Yes, it appears MOODS is not outputting anything to stderr that can help us out. Can you confirm that all of your peaks intersect with the mm10 genome? Also, another test may be to divide your peaks into chromosomes or some other chunks to see if any of those chunks are specifically causing the error.

AL

jmmuncie commented 5 months ago

Hi Allen,

Thanks for your reply! I was running these analyses on a high performance computing cluster (UCSF Wynton HPC). I tried transferring the data and models data back to my local machine and when I run it that way, it worked. In both cases I'm using identical conda environments. I know it's not really possible for you to fully troubleshoot environment specific issues, but any quick thoughts on what might be happening? I've been able to run all other MIRA analyses on the Wynton cluster and it would definitely be easier to not have to move data back and forth.
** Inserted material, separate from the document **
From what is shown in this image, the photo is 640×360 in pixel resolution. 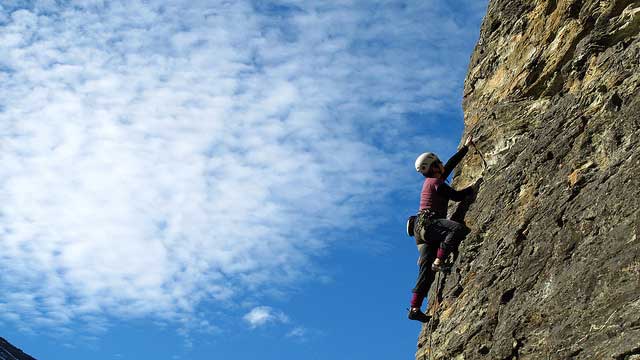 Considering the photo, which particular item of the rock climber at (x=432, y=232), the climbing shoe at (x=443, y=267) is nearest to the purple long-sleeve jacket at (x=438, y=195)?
the rock climber at (x=432, y=232)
AllenWLynch commented 5 months ago

One thought I had is that MOODS may not be building correctly on the HPC cluster. Without accessing the environment it is indeed very challenging to figure out what is happening. One option is you could try a minimal example with MOODS to see if anything will run. There's some example data in the MOODS repo that I have used before: https://github.com/jhkorhonen/MOODS.git

jmmuncie commented 3 months ago

Hi Allen,

Thanks for your thoughts on this. I suspect you may be correct that MOODS is not building correctly on the HPC, or not set up correctly within my environment. These analyses have moved to the back-burner for me for now, so I haven't had a chance to troubleshoot any more. I'll mark this as closed for now and circle back if I discover a fix later that might be helpful to other users that run into similar issues.